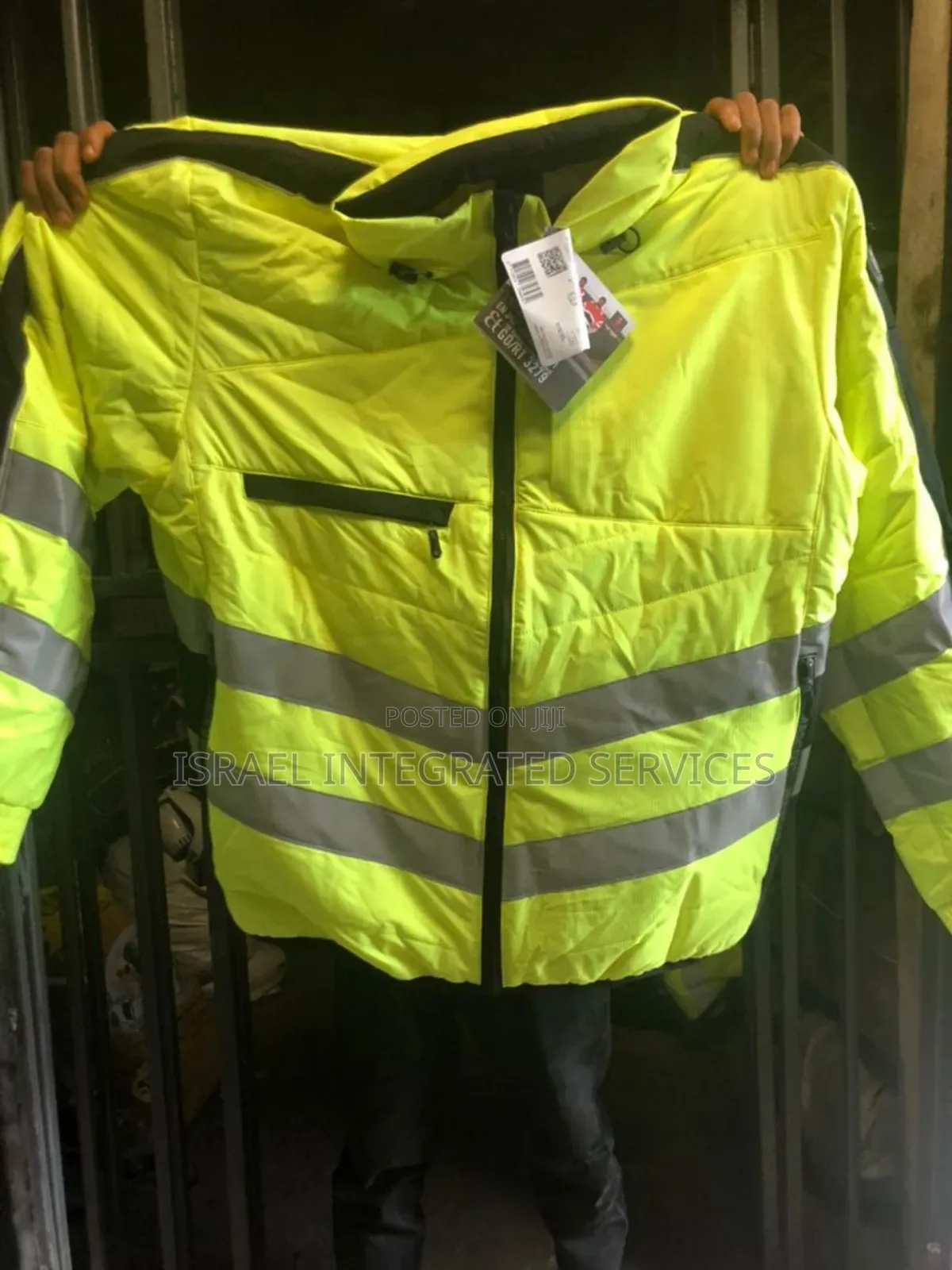 Cold Room Jacket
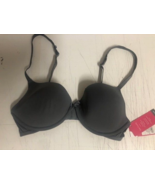 Xhilaration Lightly Lined Perfect T-Shirt Underwire Bra Iron Gray - Size... - €8,12 EUR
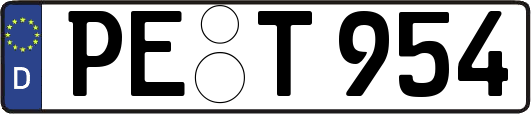 PE-T954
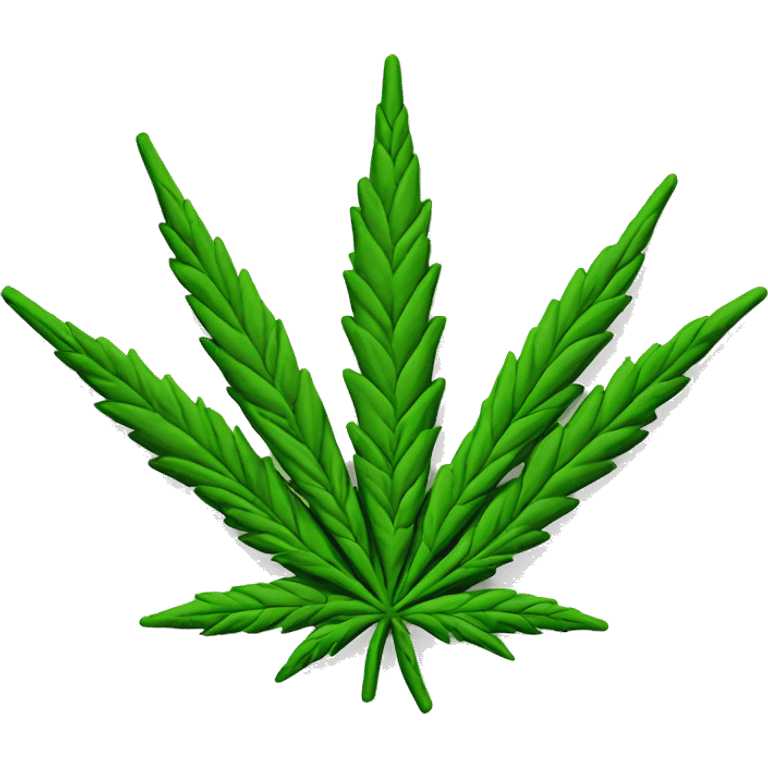 cannabis joint emoji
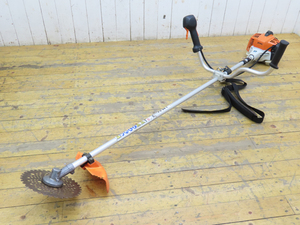 STIHL・スチール・刈払機・FS26C・24.1ｃｃ・動作品・中古品・150839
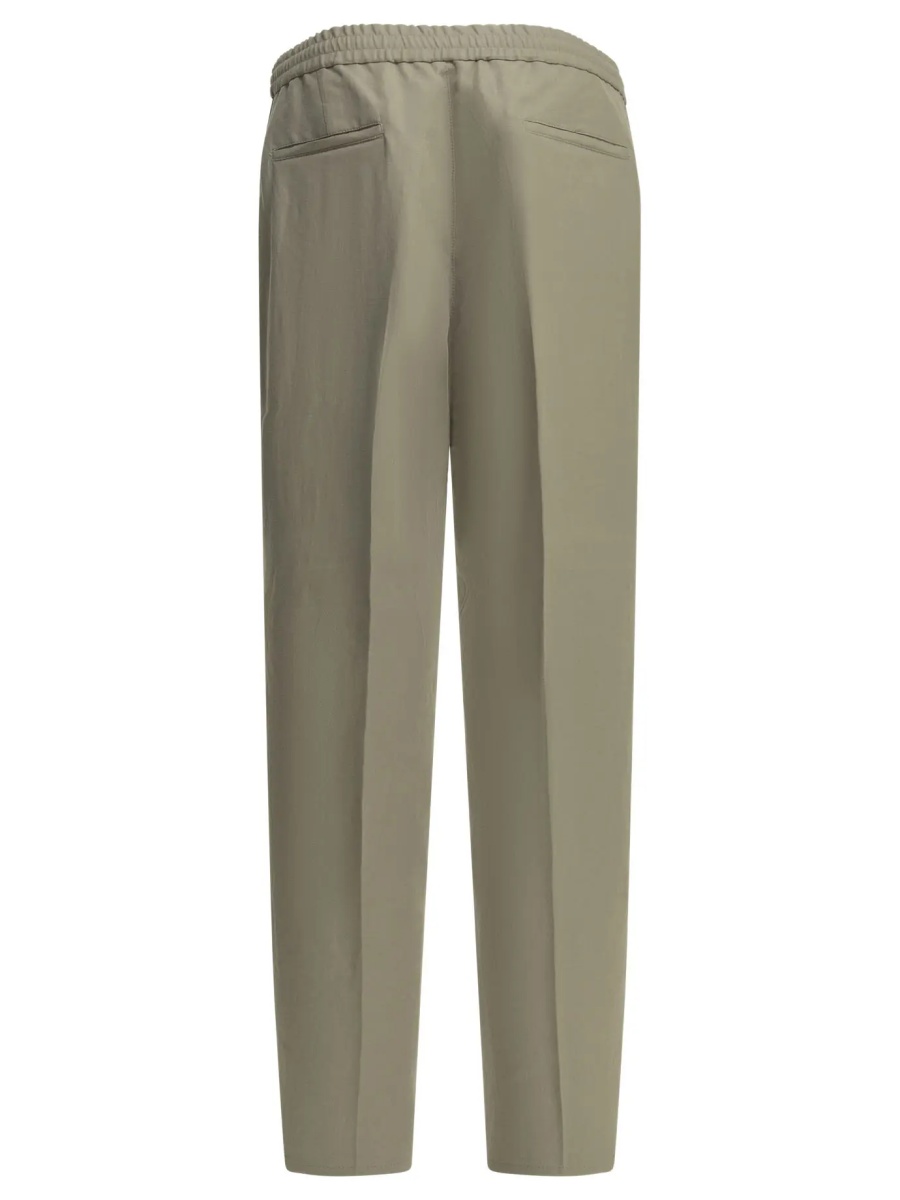 Pantaloni Casual linen and cotton pants - Img 2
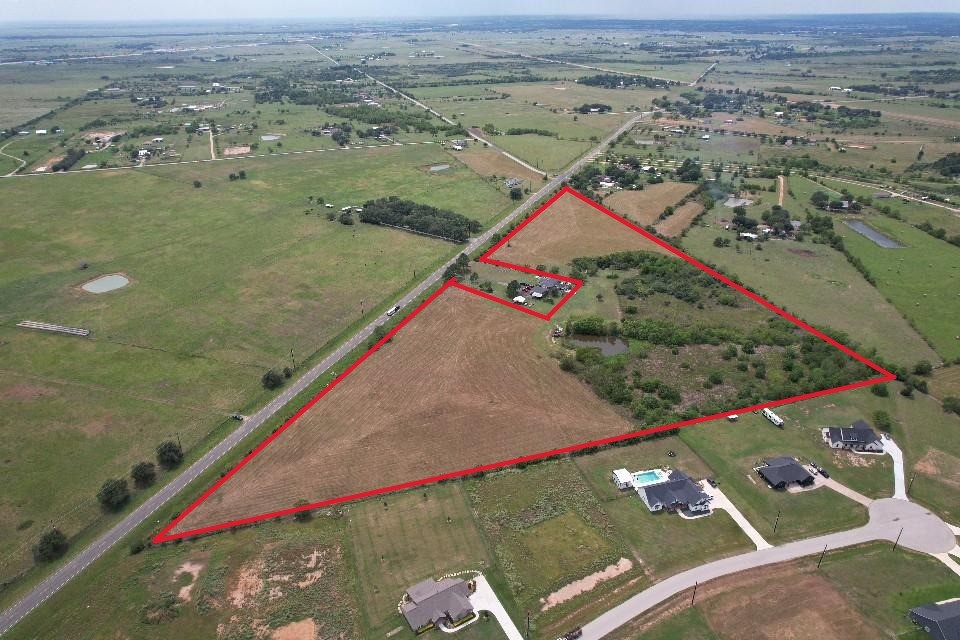 0 FM 2187 Road Sealy, TX 77474 - Photo 3 of 13 an aerial view of a city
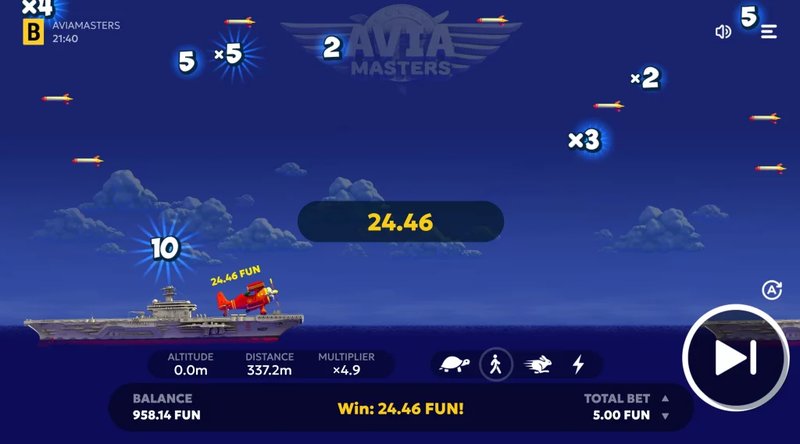 Overview of avia masters casino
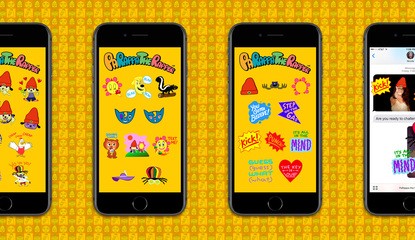 You Better Believe There Are PaRappa the Rapper Stickers on iPhone Now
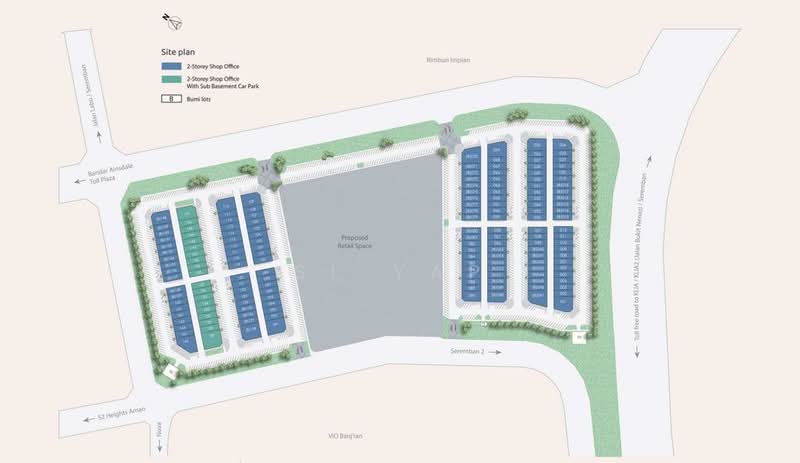 Shop for Rent in Seremban, Negeri Sembilan by SL Yap - iProperty.com.my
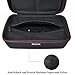 HESPLUS Hard GPS Case for 6-7 Inch Garmin DriveSmart 76/65/61/86, RV 750/780/785, dezl OTR700/610/800, Nuvi 2797LMT Garmin Catalyst, Truck GPS Traffic Navigation, Extra Room for Accessories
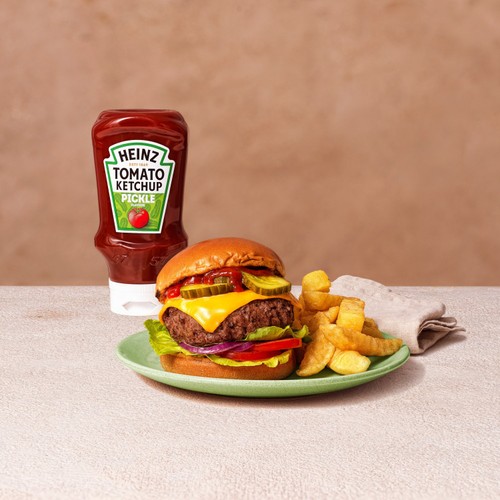 Heinz Tomato Ketchup Pickle Flavour thumbnail 4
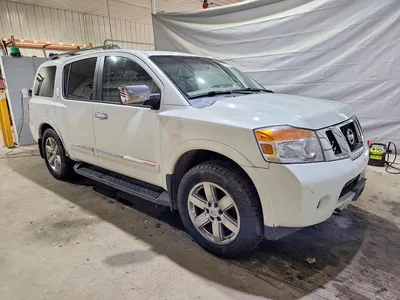2014 NISSAN ARMADA PLATINUM, фото 4, лот 10734560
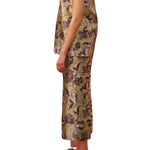 Alemais Citron Pant - Vermillion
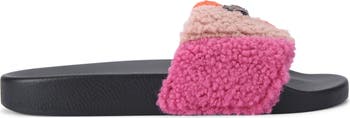 Meena Eagle Slide Sandal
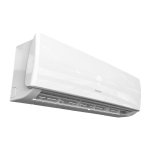 TORNADO Air Conditioner 1.5 HP Split Cool Digital Plasma Shield TH-H12WEE - White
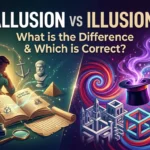 Allusion vs Illusion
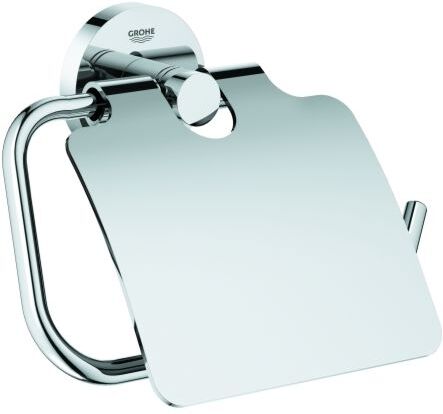 Grohe Essentials Papierhalter 40367001  chrom, mit Deckel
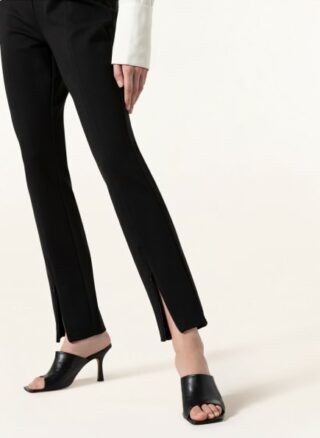IVY & OAK Philippa 7/8-Cigarettenhose Damen, Schwarz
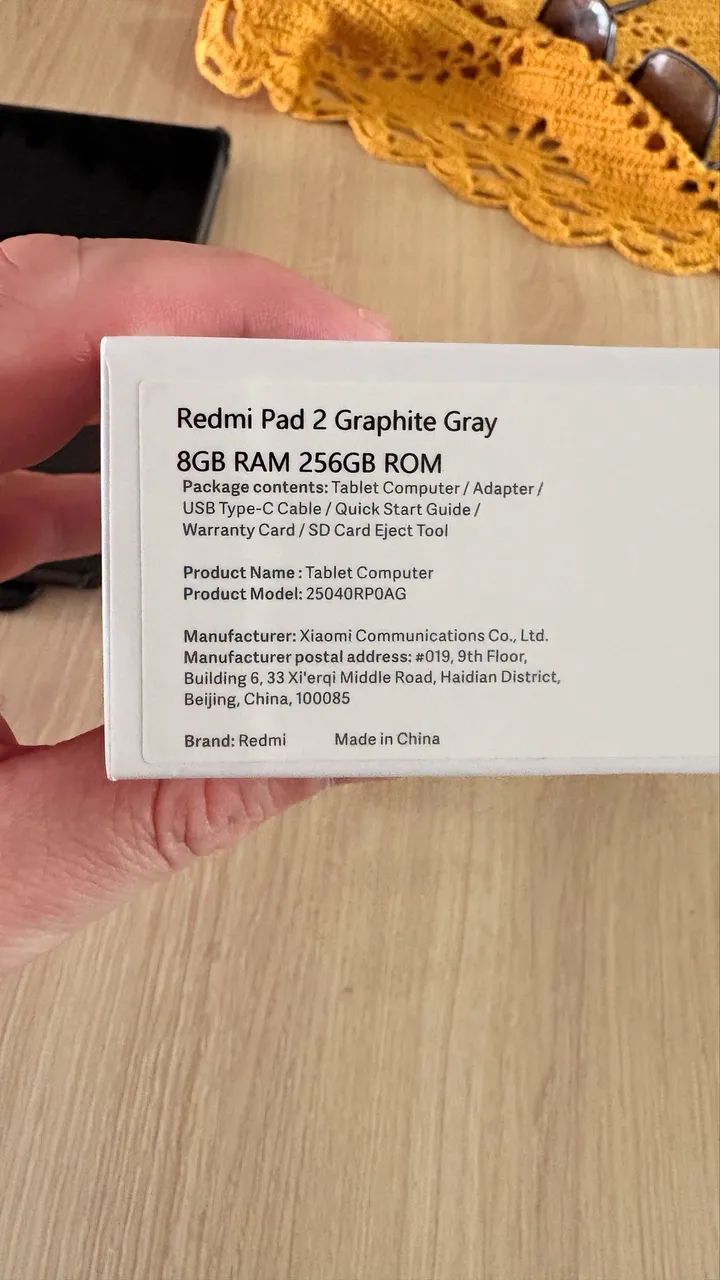 Tablet Xiaomi redmi  Pad 2 - Foto 2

··········

- [TASK PROMPT]
Print, exactly and without pictures, the lines from the one holding "Heinz Tomato Ketchup" through the last line of the entries above, both included.

- [YOUR SOLUTION]
 Heinz Tomato Ketchup Pickle Flavour thumbnail 4
2014 NISSAN ARMADA PLATINUM, фото 4, лот 10734560
 Alemais Citron Pant - Vermillion
 Meena Eagle Slide Sandal
 TORNADO Air Conditioner 1.5 HP Split Cool Digital Plasma Shield TH-H12WEE - White
 Allusion vs Illusion
 Grohe Essentials Papierhalter 40367001  chrom, mit Deckel
IVY & OAK Philippa 7/8-Cigarettenhose Damen, Schwarz
 Tablet Xiaomi redmi  Pad 2 - Foto 2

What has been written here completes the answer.